I have read so many of the different items covered on dental scrap. I have read post after post and there is so much great information. I am still at a little loss on the best methods and procedures for refining white/grey dental scrap with mixed metals. AR? or Nitric acid boil first to remove base metals, then AR? I am concerned with a Nitric Acid boil to remove base metals as it may dissolve my PMGs, especially Pd. So far I am having some success in using AR 1:4 ratio Nitric Acid to HCL. Yes, all my base metals go into solution, but filter, filter, filter to a clear solution has shown good results in small tests. No larger tests have been conducted yet. I hope to have some done next week. Waiting on DMG, additional filters and so forth. 

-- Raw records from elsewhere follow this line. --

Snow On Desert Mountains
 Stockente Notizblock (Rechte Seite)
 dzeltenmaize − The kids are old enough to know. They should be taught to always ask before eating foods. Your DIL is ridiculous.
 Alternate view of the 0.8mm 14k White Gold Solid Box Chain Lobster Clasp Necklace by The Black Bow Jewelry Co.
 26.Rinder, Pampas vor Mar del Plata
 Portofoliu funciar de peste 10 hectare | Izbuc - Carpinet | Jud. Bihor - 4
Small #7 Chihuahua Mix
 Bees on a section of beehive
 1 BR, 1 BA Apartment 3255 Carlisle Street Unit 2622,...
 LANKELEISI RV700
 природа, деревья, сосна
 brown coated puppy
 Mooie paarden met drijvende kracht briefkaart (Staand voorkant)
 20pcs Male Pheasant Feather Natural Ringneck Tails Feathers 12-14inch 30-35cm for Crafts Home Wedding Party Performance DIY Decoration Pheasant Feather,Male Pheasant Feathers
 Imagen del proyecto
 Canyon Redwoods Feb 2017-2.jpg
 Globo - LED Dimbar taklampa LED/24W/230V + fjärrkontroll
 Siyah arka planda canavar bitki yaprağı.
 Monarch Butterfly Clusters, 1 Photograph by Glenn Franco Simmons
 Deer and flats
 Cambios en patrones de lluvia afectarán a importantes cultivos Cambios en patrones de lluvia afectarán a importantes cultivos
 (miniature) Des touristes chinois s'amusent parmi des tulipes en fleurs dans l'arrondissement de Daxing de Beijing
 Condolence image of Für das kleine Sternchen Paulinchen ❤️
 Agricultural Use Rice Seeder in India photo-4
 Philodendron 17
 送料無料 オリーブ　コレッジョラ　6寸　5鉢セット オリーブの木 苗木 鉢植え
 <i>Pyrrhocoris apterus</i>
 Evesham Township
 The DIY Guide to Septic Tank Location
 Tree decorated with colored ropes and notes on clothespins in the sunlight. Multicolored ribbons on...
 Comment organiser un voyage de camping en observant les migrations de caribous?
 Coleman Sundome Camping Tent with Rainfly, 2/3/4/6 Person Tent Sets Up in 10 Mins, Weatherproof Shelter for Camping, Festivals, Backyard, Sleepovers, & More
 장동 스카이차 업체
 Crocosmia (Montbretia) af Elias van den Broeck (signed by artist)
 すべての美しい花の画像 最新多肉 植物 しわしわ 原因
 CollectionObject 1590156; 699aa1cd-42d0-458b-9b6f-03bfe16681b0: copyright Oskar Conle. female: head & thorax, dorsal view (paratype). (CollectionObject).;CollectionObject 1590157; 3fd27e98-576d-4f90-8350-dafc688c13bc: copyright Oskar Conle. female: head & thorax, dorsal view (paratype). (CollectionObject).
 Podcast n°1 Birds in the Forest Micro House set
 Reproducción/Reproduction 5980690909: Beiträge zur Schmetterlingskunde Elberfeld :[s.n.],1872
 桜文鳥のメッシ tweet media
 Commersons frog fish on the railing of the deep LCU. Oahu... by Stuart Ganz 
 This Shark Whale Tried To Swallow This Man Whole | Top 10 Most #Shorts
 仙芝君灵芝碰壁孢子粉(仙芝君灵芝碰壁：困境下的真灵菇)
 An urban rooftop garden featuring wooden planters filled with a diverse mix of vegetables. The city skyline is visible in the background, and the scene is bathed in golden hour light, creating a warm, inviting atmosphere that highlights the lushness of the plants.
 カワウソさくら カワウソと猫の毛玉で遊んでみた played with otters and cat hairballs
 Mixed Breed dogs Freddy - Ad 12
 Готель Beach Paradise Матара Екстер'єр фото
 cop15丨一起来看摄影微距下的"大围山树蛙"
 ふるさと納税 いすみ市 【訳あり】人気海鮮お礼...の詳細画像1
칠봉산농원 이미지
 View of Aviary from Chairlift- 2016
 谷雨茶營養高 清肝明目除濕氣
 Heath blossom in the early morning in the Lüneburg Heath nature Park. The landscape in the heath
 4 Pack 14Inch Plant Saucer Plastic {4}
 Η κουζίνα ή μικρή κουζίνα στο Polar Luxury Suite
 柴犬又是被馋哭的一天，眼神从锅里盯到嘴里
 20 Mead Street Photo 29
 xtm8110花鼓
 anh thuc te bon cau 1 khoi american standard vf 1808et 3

I generally, even when I smelt, separate the dental scrap in three piles. 1) Gold Crowns, 2) PFM and Bridges that are white / grey and have flexibility and 3) Scrap that looks to be of no or very low value that is rigid or breaks when hammered. Again, while I am still learning and have much more to learn, I am getting proficient on the gold crowns for Au and Pd. 

I am trying to see if refining the white/grey dental is worth the time and effort over just smelting them. Understand that dental scrap varies all over, however I know my averages in each metal group when smelting in lots of 100g each and these average are very consistent for my region, so I will know once I refine them properly if it is worth the time and effort. The gold crowns are definitely worth the time, I get about 10% better return if I refine them to at least 99.9%.

Here is what I have done and I am going to repeat my small experiments and document them.

I have taken individual crowns and dissolved them in AR 1:4 ratio Nitric to HCL. That experiment itself validated how the dental scrap can look the same but is certainly of varying degrees of metal. (I have seen many posts with attachments that show the varying types of dental crowns and implants and the varying high Nobel and low Nobel metals.

A quick look at what I saw from individual crowns in AR 1:4 ratio Nitric to HCL

A) Gold Crown - Nice yellow solution. Clear. Test with Stannous solution showed nice black/purple for Au and showed Pd in a green with a little Yellow for Pt.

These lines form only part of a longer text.